== Exercise input

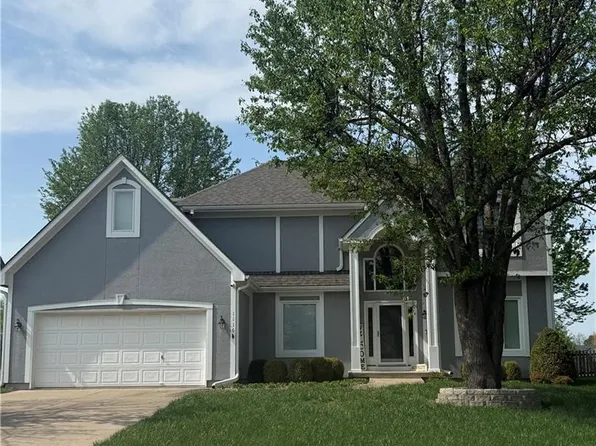 1116 SW Crossing Dr, Lees Summit, MO 64081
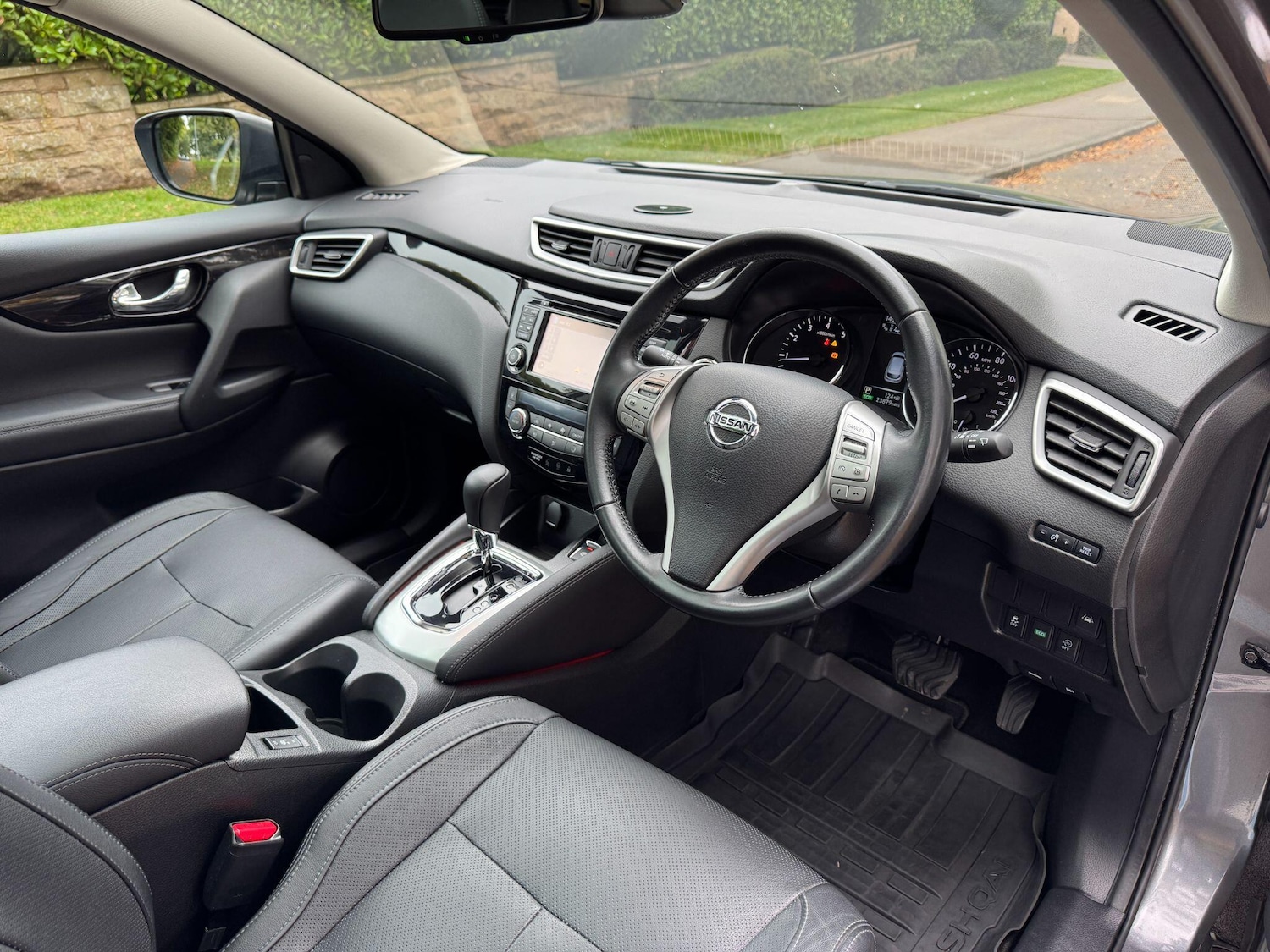 Used Nissan Qashqai 2017 for sale - 76294993: Photo 5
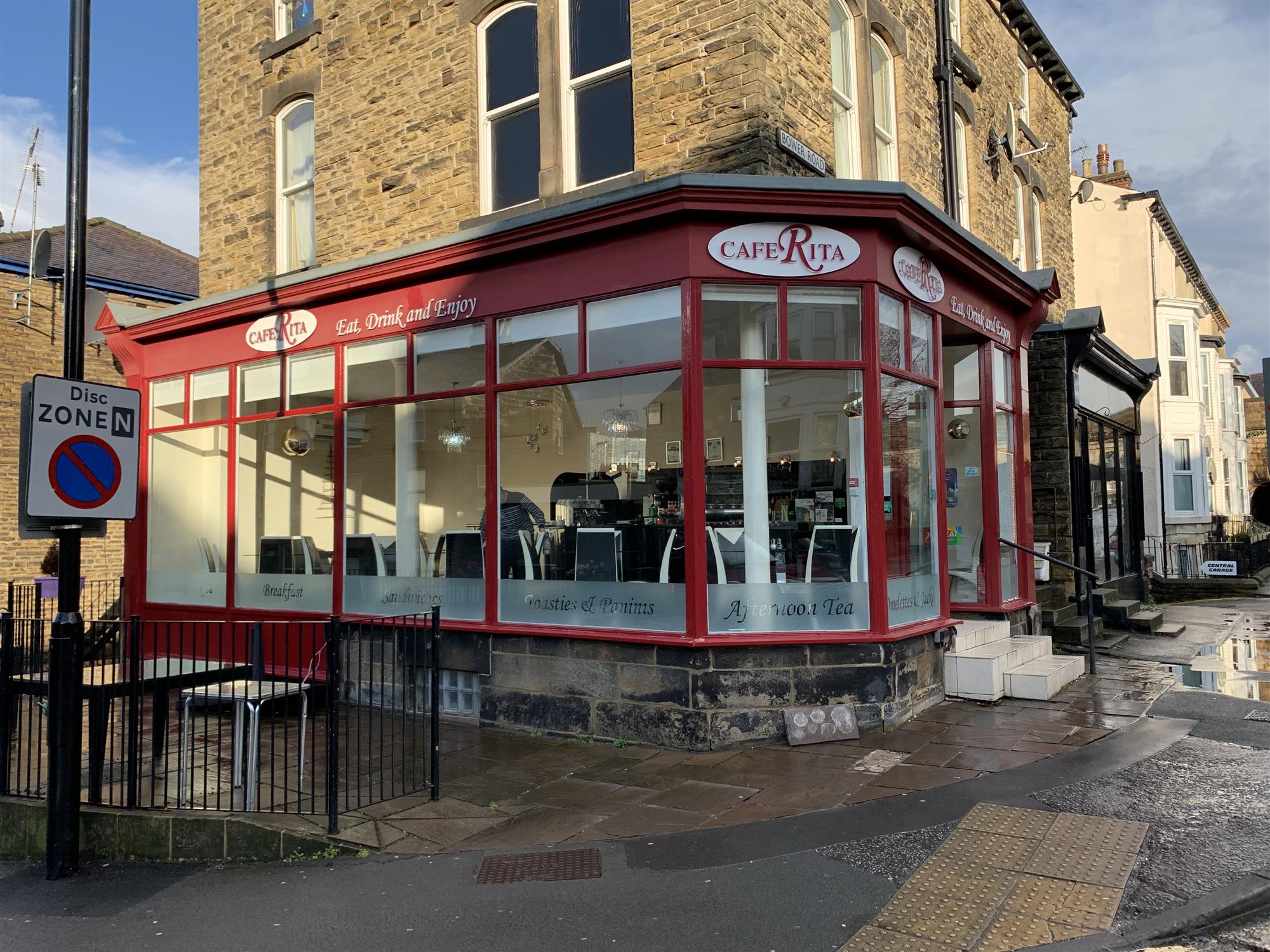 STYLISH LICENSED COFFEE SHOP & BISTRO IN HARROGATE TOWN CENTRE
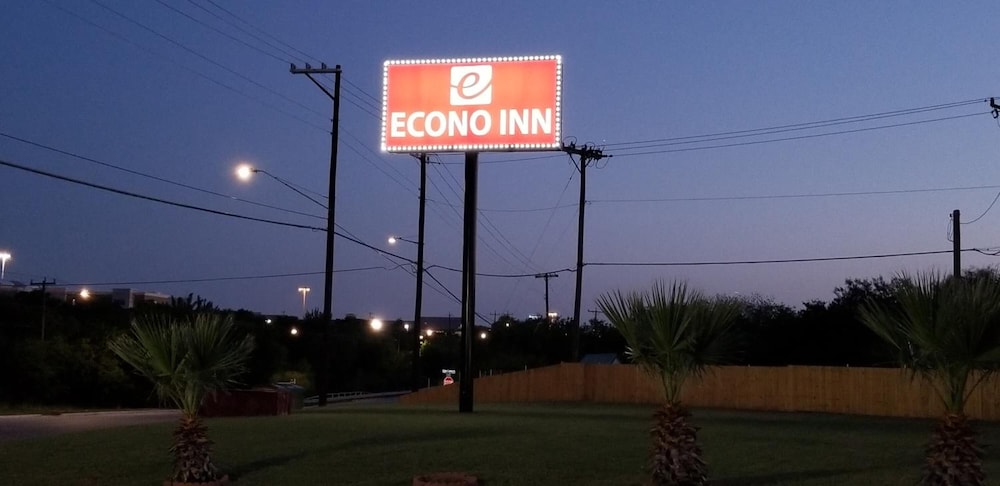econo inn lackland afb seaworld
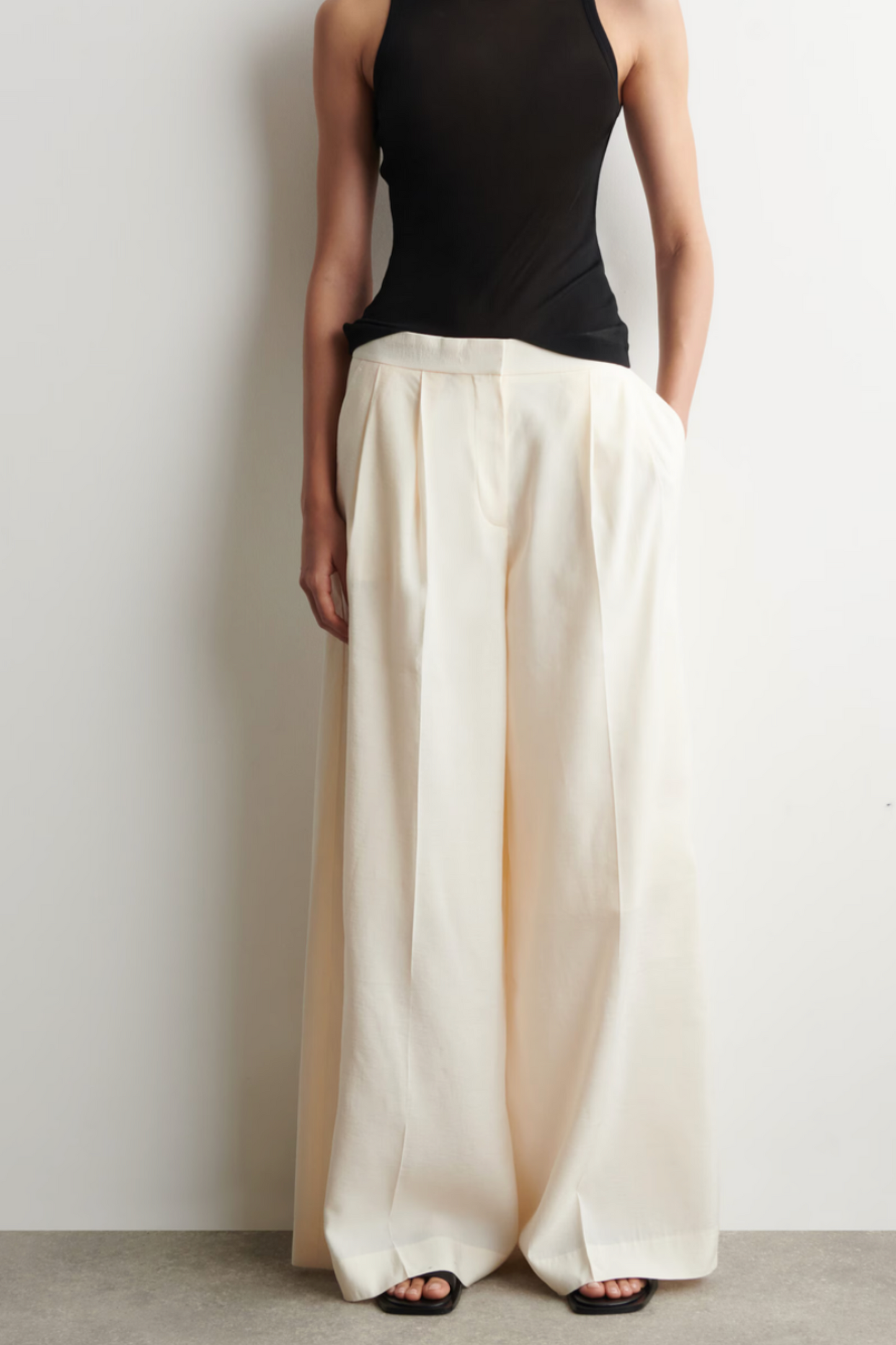 Pleated Modal Wide-Led Trousers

====

Problem — Retype each line above precisely, please. Skip anything that is a picture.

Solution for this exercise —
 1116 SW Crossing Dr, Lees Summit, MO 64081
 Used Nissan Qashqai 2017 for sale - 76294993: Photo 5
 STYLISH LICENSED COFFEE SHOP & BISTRO IN HARROGATE TOWN CENTRE
econo inn lackland afb seaworld
 Pleated Modal Wide-Led Trousers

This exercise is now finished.